New elasticsearch.AuthorizationError after upgrading to 1.60

seemath · November 1, 2024, 5:26pm

We are using Elasticsearch & Kibana 8.15.3 and ROR 1.60

We are seeing new, intermittent AuthorizationErrors on the close_indices API call.

We close indices 1 by 1.
Here is the access policy we are currently utilizing. Is this a known issue, or are there any ways to workaround this.
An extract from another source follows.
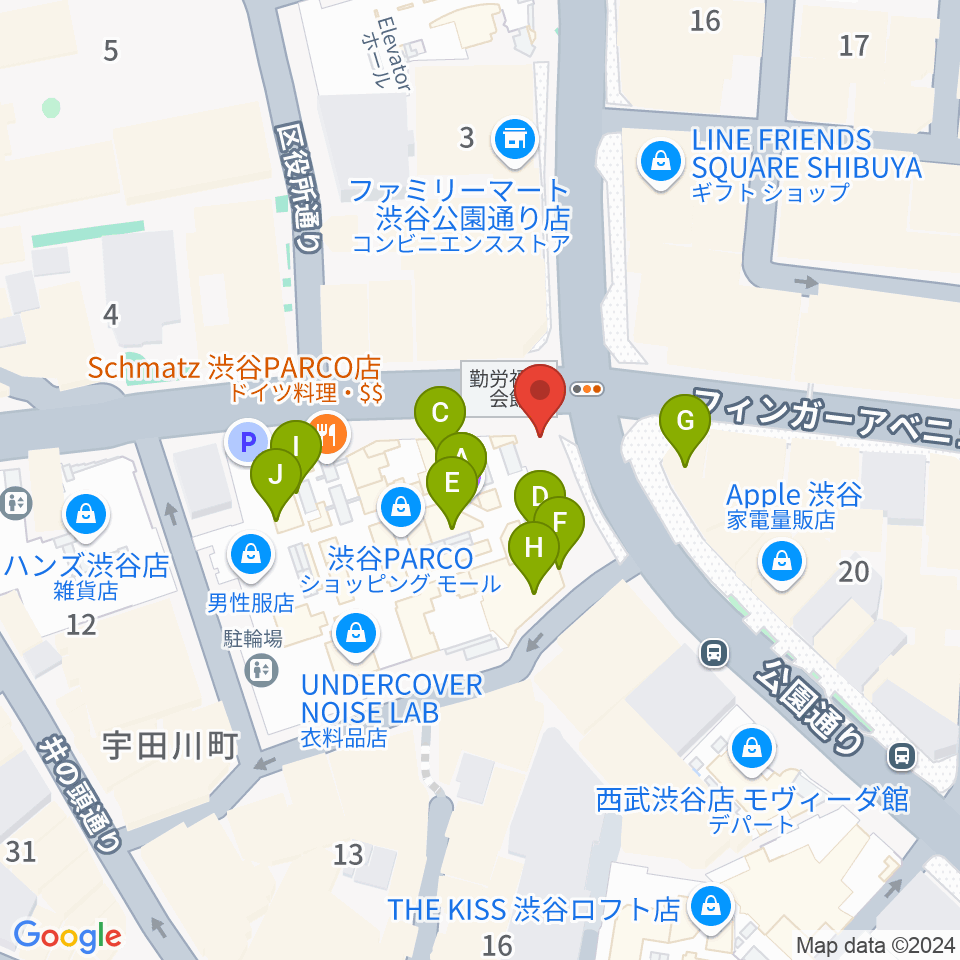 渋谷クアトロラボ周辺のカフェ一覧地図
We did not see this prior to the upgrade (we were on 1.54.0 and ES 8.12.0).

name: ‘Allow group snapshot restore’
groups: [‘snapshot_restore’]
actions:
- cluster:admin/repository/*
- cluster:admin/snapshot/*
- cluster:admin/slm/*
- cluster:manage_slm/*
- cluster:monitor/*
- indices:monitor/*
- indices:admin/settings/*
- indices:admin/open
- indices:admin/close
- indices:admin/get

coutoPL · November 1, 2024, 5:48pm

What do you mean by „intermittent AuthorizationErrors”? Do you see any exception in ES log?
Did you tested ROR 1.60.0 with the old ES version you used? Maybe you didn’t add proper action related to the close indices API? Did you check that?

seemath · November 1, 2024, 6:42pm

What do you mean by „intermittent AuthorizationErrors”?
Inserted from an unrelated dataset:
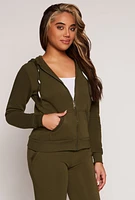 Womens Fleece Full Zip Hoodie, Green,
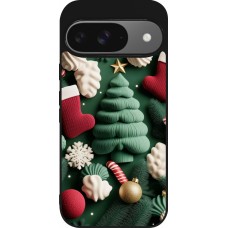 Coque Google Pixel 9 / Pixel 9 Pro - Silicone rigide noir Christmas 25 Christmas textiles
If I have 10 indices, some close, then 1 unexpectedly fails. If I try again I can close all of them, so it is not consistent.

Do you see any exception in ES log?

I don’t see anything specific related to this query

Did you tested ROR 1.60.0 with the old ES version you used?
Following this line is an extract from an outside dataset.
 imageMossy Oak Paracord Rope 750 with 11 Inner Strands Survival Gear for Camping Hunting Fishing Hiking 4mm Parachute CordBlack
Yes, we saw this issue with 8.12.0 as well + ROR 1.60.

Maybe you didn’t add proper action related to the close indices API? Did you check that?

Yes I did, you see in my original post that I have the close indices action listed in the policy.

coutoPL · November 5, 2024, 8:25pm

I tried to reproduce the problem on my side and I think all works well.
I used ROR Sandbox for testing. Please take a look: [RORDEV-1321] reproduction attempt by coutoPL · Pull Request #56 · beshu-tech/ror-sandbox · GitHub

In the PR there is a description of how to run the stack and how to call the ES API using curl. Do you see any differences (ROR settings or curl or anything else) in relation to your environment and tests?

margaretp · November 7, 2024, 4:39pm

I am seeing similar occasional AuthorizationErrors when calling msearch with the same cluster version and ROR version.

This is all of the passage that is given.